### Source records

Start of Block

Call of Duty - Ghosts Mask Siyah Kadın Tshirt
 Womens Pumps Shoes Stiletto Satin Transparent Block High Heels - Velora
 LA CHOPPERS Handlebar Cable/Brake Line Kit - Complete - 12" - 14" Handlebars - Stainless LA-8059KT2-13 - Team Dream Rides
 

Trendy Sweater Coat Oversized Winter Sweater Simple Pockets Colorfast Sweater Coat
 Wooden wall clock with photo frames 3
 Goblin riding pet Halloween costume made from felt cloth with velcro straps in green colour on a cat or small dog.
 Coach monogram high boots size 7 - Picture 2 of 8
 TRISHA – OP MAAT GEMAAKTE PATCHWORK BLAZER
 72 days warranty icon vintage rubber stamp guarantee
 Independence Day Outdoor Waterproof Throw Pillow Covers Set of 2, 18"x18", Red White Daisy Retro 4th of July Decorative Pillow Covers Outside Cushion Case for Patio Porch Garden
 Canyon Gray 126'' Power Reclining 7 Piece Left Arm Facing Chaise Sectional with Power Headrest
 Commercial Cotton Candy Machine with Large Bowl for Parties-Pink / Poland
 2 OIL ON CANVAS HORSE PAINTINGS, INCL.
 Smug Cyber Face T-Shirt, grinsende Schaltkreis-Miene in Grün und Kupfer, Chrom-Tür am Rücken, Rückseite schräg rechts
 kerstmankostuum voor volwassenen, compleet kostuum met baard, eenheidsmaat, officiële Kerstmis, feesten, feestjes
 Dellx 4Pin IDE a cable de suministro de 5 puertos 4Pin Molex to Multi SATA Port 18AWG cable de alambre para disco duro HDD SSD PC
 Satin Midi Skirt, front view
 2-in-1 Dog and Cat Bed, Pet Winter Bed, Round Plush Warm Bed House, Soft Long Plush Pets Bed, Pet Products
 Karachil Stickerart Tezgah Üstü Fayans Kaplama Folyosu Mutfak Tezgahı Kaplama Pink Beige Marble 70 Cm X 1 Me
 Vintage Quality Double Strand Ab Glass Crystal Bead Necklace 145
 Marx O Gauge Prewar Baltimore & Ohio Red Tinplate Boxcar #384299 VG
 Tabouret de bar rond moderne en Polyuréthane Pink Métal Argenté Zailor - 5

End of Block

### Work item
Your response should be made up of the lines in the data that contain the word "Winter".

### Answer
Trendy Sweater Coat Oversized Winter Sweater Simple Pockets Colorfast Sweater Coat
 2-in-1 Dog and Cat Bed, Pet Winter Bed, Round Plush Warm Bed House, Soft Long Plush Pets Bed, Pet Products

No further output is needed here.